About a year ago, however, she went with 50 other Reform rabbis to Selma and Montgomery, Ala., which spurred her to ratchet up her efforts.

“It was a time of self-reflection, and thinking about our own white privilege and what the Jewish community has tried to do” to help, she said. “We could be doing a lot more. So when I came back I felt I really needed to dig in.”

She became involved in the Kenosha Coalition for Dismantling Racism, and hopes that will enable her to be even more helpful.

“I was always viewed as a partner, but I wasn’t really engaged seriously in the work. I hope that I’m seen more that way now, and as a result our Jewish community is seen as real partners,” she said.

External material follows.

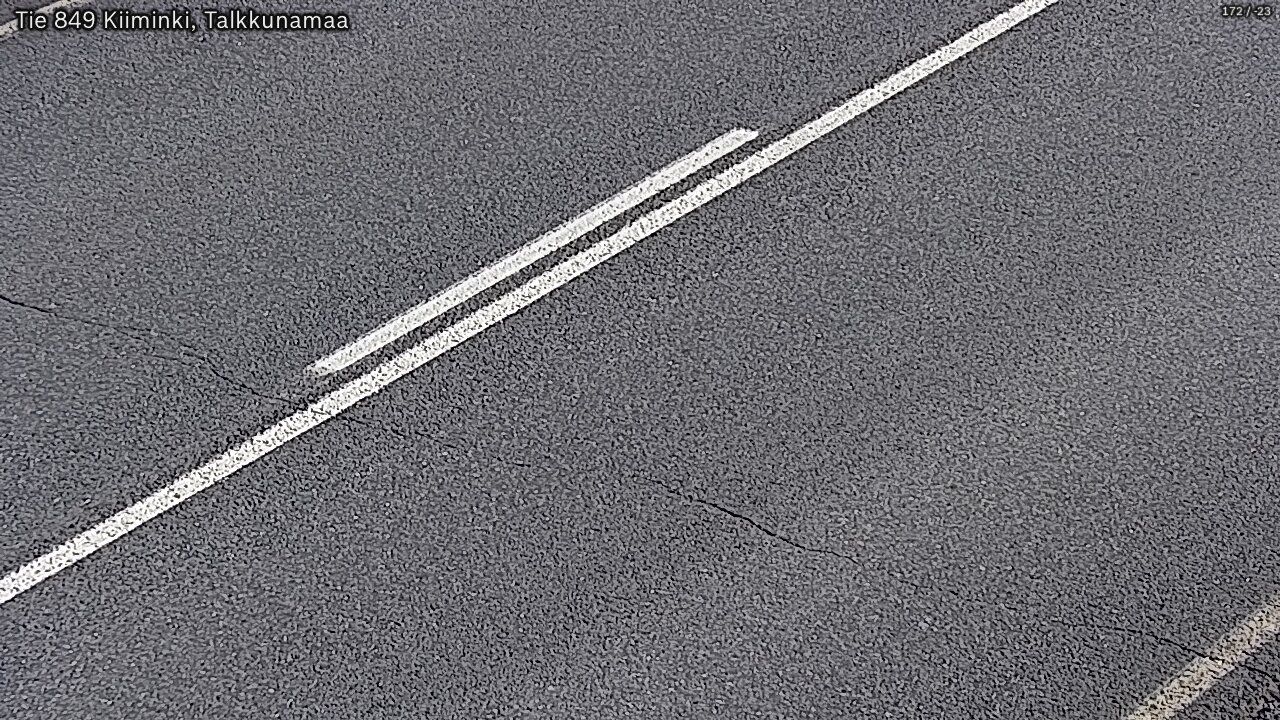 Traffic Cam Oulu: Tie849 Kiiminki - Tienpinta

In the meantime, she and her colleagues are pleading for peace. Feingold signed onto one statement, issued by Kenosha clergy, that calls for police reform. The Wisconsin Council of Rabbis plans to issue a statement as well, she said.

And Feingold and her congregation will continue a new ritual they adopted after Floyd’s killing in late May: a Black Lives Matter “yahrzeit” list. “Yahrzeit” — literally, year time in Yiddish — is the annual anniversary of the death of a loved one, observed in some synagogues by reading out their name. Feingold reads the names of people her congregants have lost; now, she adds these other names.

“Whenever there is a yahrzeit I read this list,” she said. “This week, it’s Emmett Till.”